Looking at value
NQF backs effort focusing on resource use, costs
While healthcare’s finest minds continue to wrestle over how to measure quality, the National Quality Forum lit a match near another potential powder keg by taking the first steps toward defining how to measure “value.”
Last week, the NQF released a set of four endorsed “resource use” measures that included two developed by the National Committee for Quality Assurance and two from Bloomington, Minn.-based HMO Healthpartners that address the costs of diabetes and cardiovascular care along with total primary-care costs and primary-care total use of resources. Similar measures being considered involve asthma, chronic obstructive pulmonary disease, hip and knee replacement and pneumonia.
“I find the NQF action fascinating,” Dr. Robert Wachter, University of California San Francisco professor and Department of Medicine chief, said in an e-mail. “Over the past decade, national organizations like NQF and healthcare delivery organizations such as hospitals have invested heavily in trying to improve safety, quality, access and patient satisfaction. Now that everyone is consumed with the imperative to bend the cost curve, it is still an open question whether these efforts will be on their own axis or will be somehow blended into existing efforts. When the latter course is chosen, the resulting action is sometimes placed under the heading of ‘value.’”
Wachter added that there is a risk that some will be confused and will think an NQF measure is about quality when it’s actually about cost savings.
Dr. Helen Burstin, NQF senior vice president for performance measures, said she is unaware of any confusion so far. Burstin referred to the measures as “building blocks” toward defining value while also adding more transparency, and she added that the new measures should not be viewed in isolation but rather in tandem with quality measures.
“Cost and quality need to be reported together,” Burstin said. This point was echoed by Susan Pisano, spokeswoman for the America’s Health Insurance Plans trade association, who said her group supported the new measures.

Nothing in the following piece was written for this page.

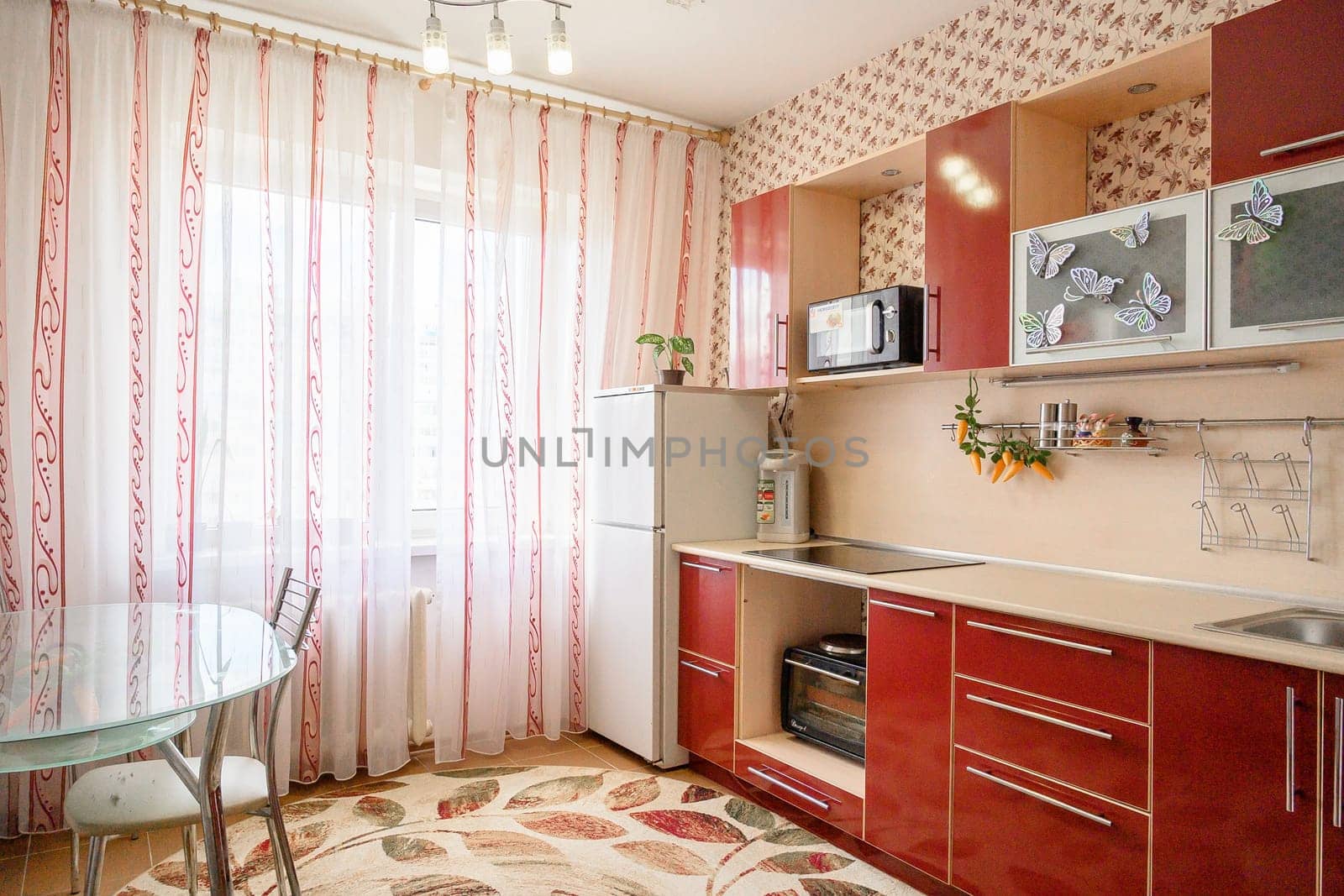 Russia, Moscow- June 10, 2019: interior room apartment. standard repair decoration in hostel. kitchen and dining room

Those who oppose the measures have until Feb. 29 to file an appeal asking NQF to recon- sider its endorsement, but Burstin said NQF “did not get a great deal of pushback on the concept” of resource-use measures. Dr. Dan Blue, president of Sanford Clinic, Sioux Falls, S.D., said they shouldn’t.
“We shouldn’t fear this, we shouldn’t resist it,” Blue said. “It’s a mirror, and it’s a reflection of what we do.”

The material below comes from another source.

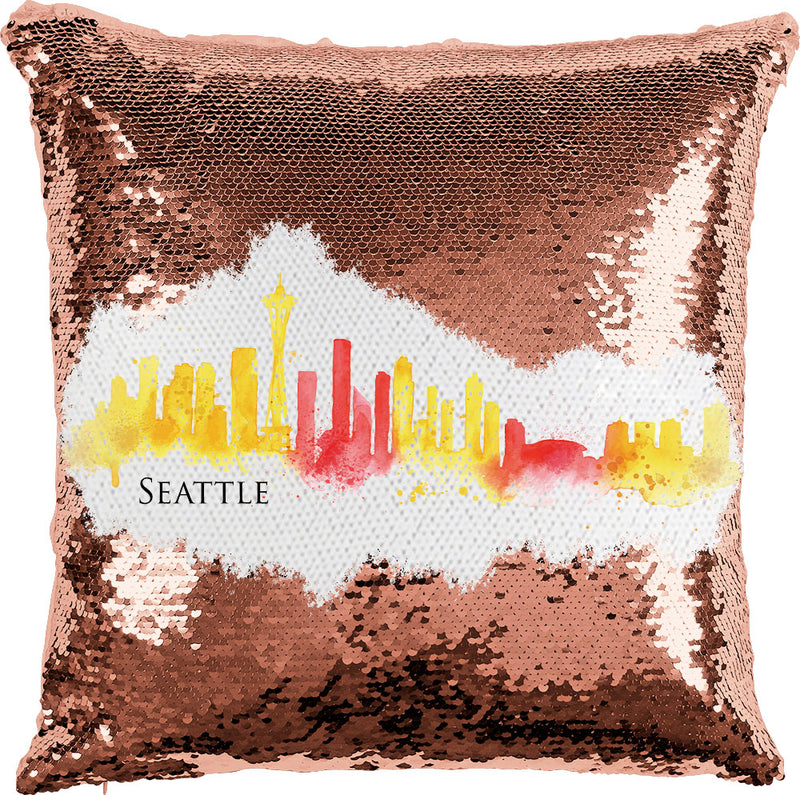 Seattle Watercolor with Reversible Sequins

Blue said the new measures will provide data needed for continuous improvement, and Dr. Rhonda Ketterling, chief medical officer of Sanford Health Fargo in North Dakota, called the measures “good preparatory data” in the move toward accountable care organizations and other healthcare reform-related business models. While smaller, independent practices may not appreciate the measures so much, she said, they will help show the value of care provided by integrated systems such as Sanford.

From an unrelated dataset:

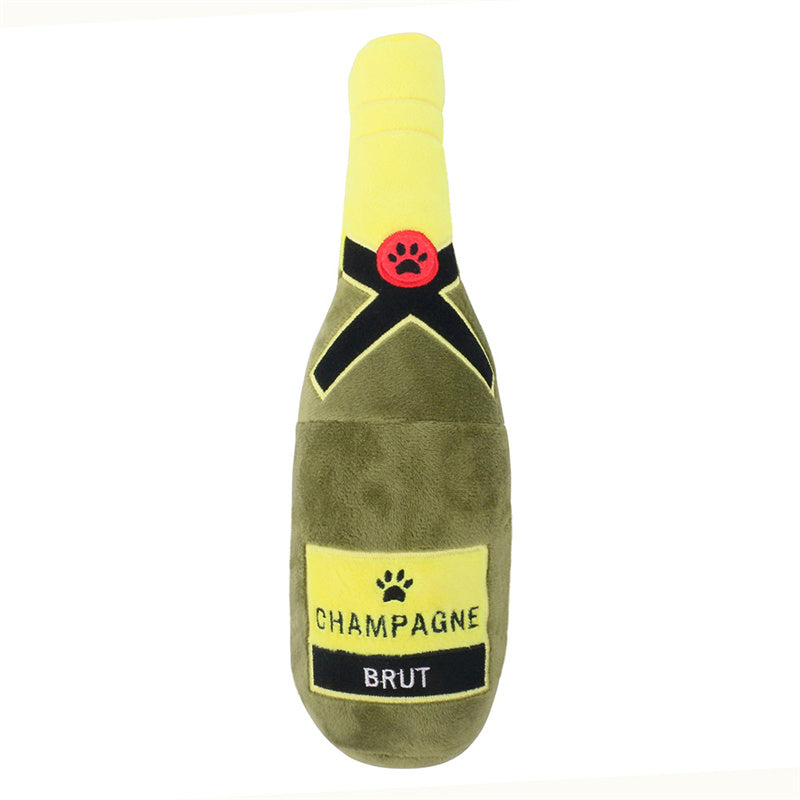 KFX-6766397 Plush Chewing Toy for Cats and Dogs - Wine Bottle and Donut Design, 25cm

Dr. Bruce Bagley, the American Academy of Family Physicians’ medical director for quality improvement for and a member of the NQF Consensus Standard Approval Committee, said for some small practices or for individual physicians with a few diabetic or cardiac patients the measures may not be statistically viable. But, if a primary-care doctor always prescribes brand-name drugs or always orders more tests or consultations, Bagley said “that will show up” with the new measures for total costs and resource use.
Dr. Lyle Swenson, president of the Minnesota Medical Association and an interventional cardiology specialist with East Metro Cardiology in St. Paul, said his organization is “all in favor” of measures that allow more transparency, help educate the public on the true costs of healthcare, and provide “standardization instead of a chaotic Wild West” situation where different organizations are all asking for something different from physicians.
On the other hand, he is concerned about reducing everything to a number as medicine adopts more big business practices.
“Our main focus is the patient in front of us, but big organizations look at large populations over time and ask, ‘How did we do last year? How did we do last month?’” Swenson said. “But we don’t just provide a service. There’s judgment involved, there’s the patient-physician relationship, empathy and taking care of people in difficult times.”